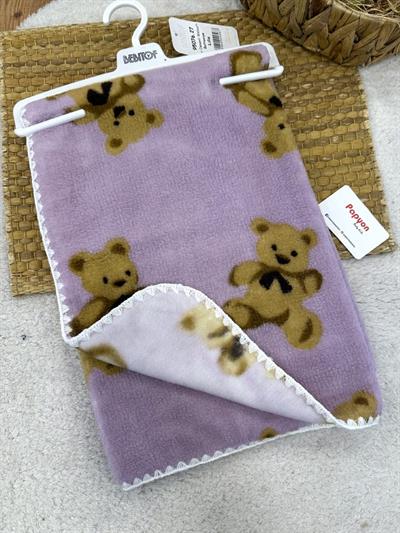 Ayıcık Desenli Polar Welsoft Bebek Battaniyesi (90x100 Cm)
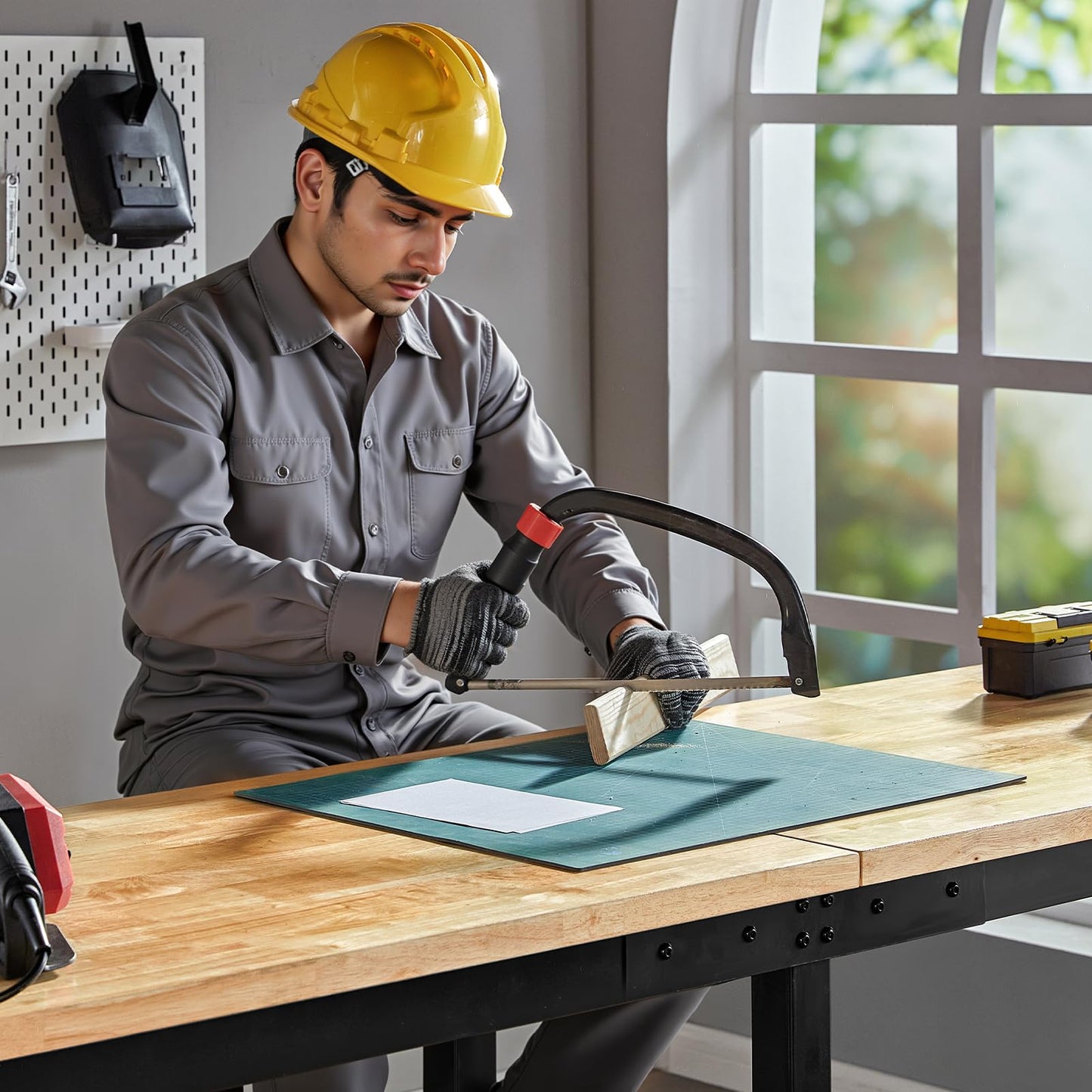 SPECRAFT Adjustable Heavy Duty Workbench with 4 AC Outlet and 2 USB Ports Power Outlets, 2000 Lbs Capacity, Rubber Wood Top for Garage, Workshop, Office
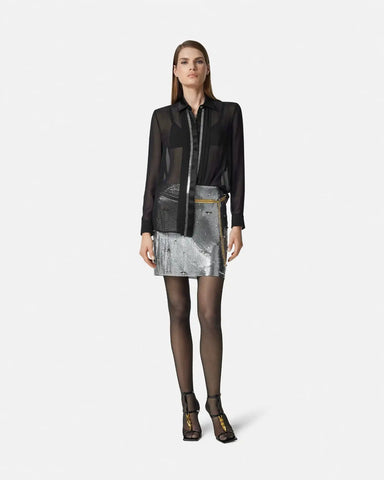 Embellished Metal Mesh Mini Skirt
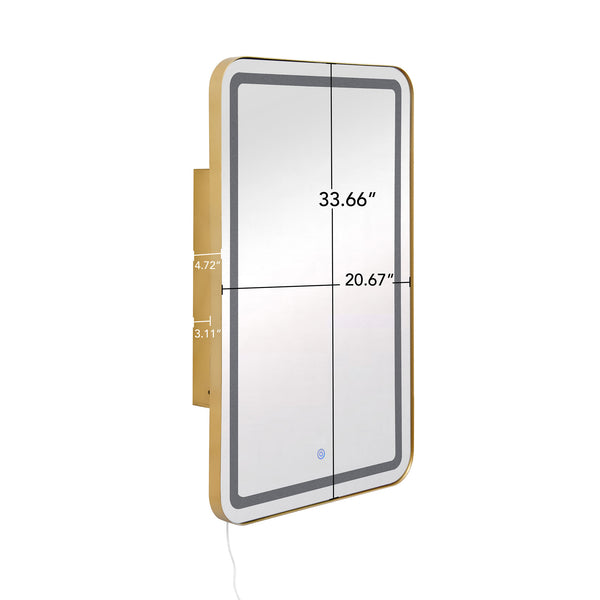 English Elm Rectangle LED Medicine Cabinet Mirror with Soft Touch Light, Magnetic Accessories, Tempered Shelves, Wall-Mounted Storage Gold W688P210791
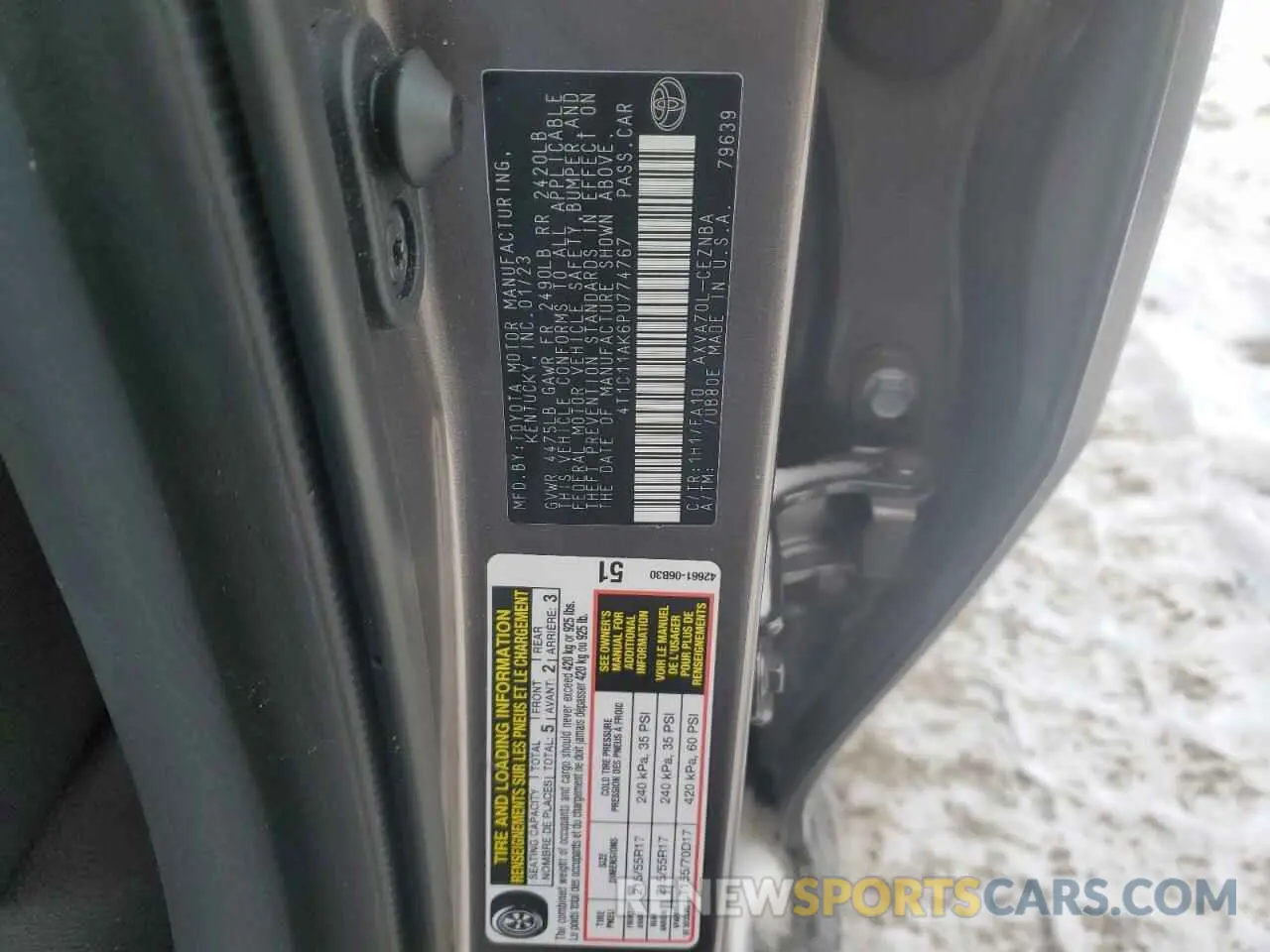 12 fotografías del automóvil dañado 4T1C11AK6PU774767 TOYOTA CAMRY 2023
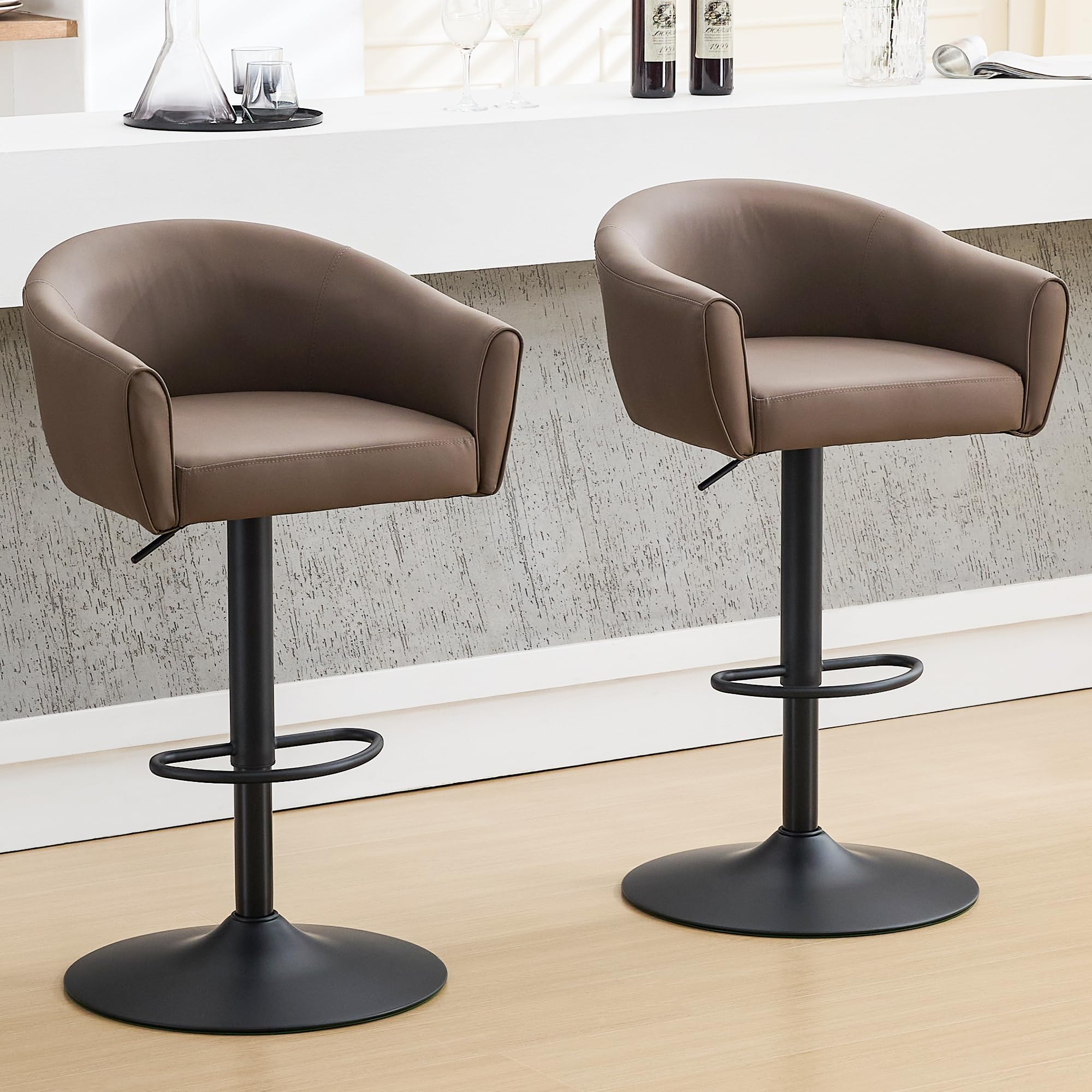 Firavoe Barstools Set Of 2, Swivel Bar Stools With Back And Arms, Adjustable Faux Leather Bar Stools 24 ' To 34 ', Upholstered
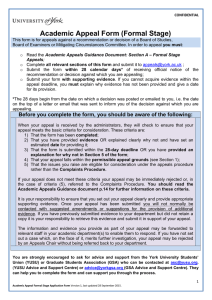 Academic Appeal Formal Stage Form (MS Word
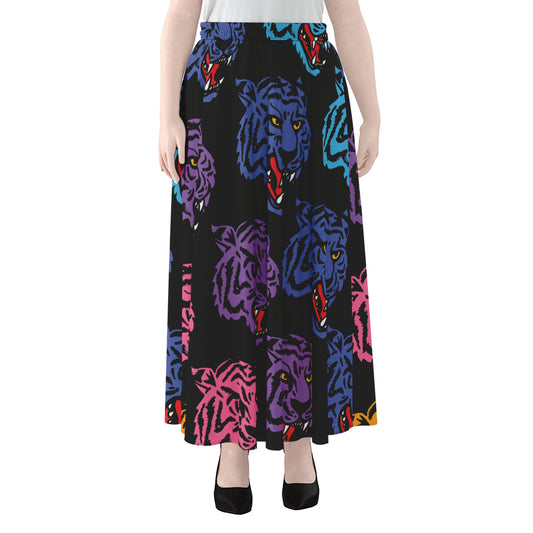 Colorful Tiger Head Pattern Print Chiffon Maxi Skirt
----------
## WHAT IS BEING ASKED
The range to transcribe runs from the line holding "English Elm Rectangle" through the final line of the data above; copy it exactly and exclude the pictures.

## RESPONSE BOX
 English Elm Rectangle LED Medicine Cabinet Mirror with Soft Touch Light, Magnetic Accessories, Tempered Shelves, Wall-Mounted Storage Gold W688P210791
 12 fotografías del automóvil dañado 4T1C11AK6PU774767 TOYOTA CAMRY 2023
 Firavoe Barstools Set Of 2, Swivel Bar Stools With Back And Arms, Adjustable Faux Leather Bar Stools 24 ' To 34 ', Upholstered
 Academic Appeal Formal Stage Form (MS Word
 Colorful Tiger Head Pattern Print Chiffon Maxi Skirt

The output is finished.